RIBWORT PLANTAIN
Horticulture|May - June 2024
Before you call it a weed, consider its many talents
RIBWORT PLANTAIN

I KNEW OF A HIDDEN POND that I figured would be full of fish, so one day I loaded up my car with fishing gear and set out. There was no path to this pond, and you couldn't see it from the road. You had to know it was there to know it was there. Getting to it involved brushing my way through tall stands of rushes and cattails.

Soon enough I was flinging a colorful plug out into the deep part of the pond, hoping to hook a largemouthed bass, when a sharp pain hit the little finger on my left hand. A bee had found my pinkie and as I squeezed the fishing rod's handle, it stung me.

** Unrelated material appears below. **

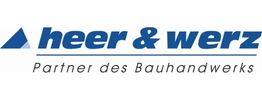 Heer & Werz Logo mit Slogan "Partner des Bauhandwerks" und einem blauen Dreieck.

Almost immediately I felt a hot streak zinging up my left arm. It began to itch and red welts appeared on my skin. In another couple of minutes, I abandoned the pond, flung my tackle into the back seat and began a tortuous 40-mile drive home. My body was covered with itching skin and red welts, and I was in torment the whole way. Once home, I ran into the house and bleated my misery to my wife.

She told me to "take your clothes off and lay down," then walked out of the house. A few minutes later she came back with a basket of green leaves that she pounded into a wet paste and rubbed all over my body. Almost instantaneously, the itching stopped, the red welts disappeared and I felt fine-except on the heels of my feet, where she hadn't applied the poultice.

"What did you do-what was that?" I asked.

"Plantago lanceolata-the ribwort plantain," she said. 

This story is from the May - June 2024 edition of Horticulture.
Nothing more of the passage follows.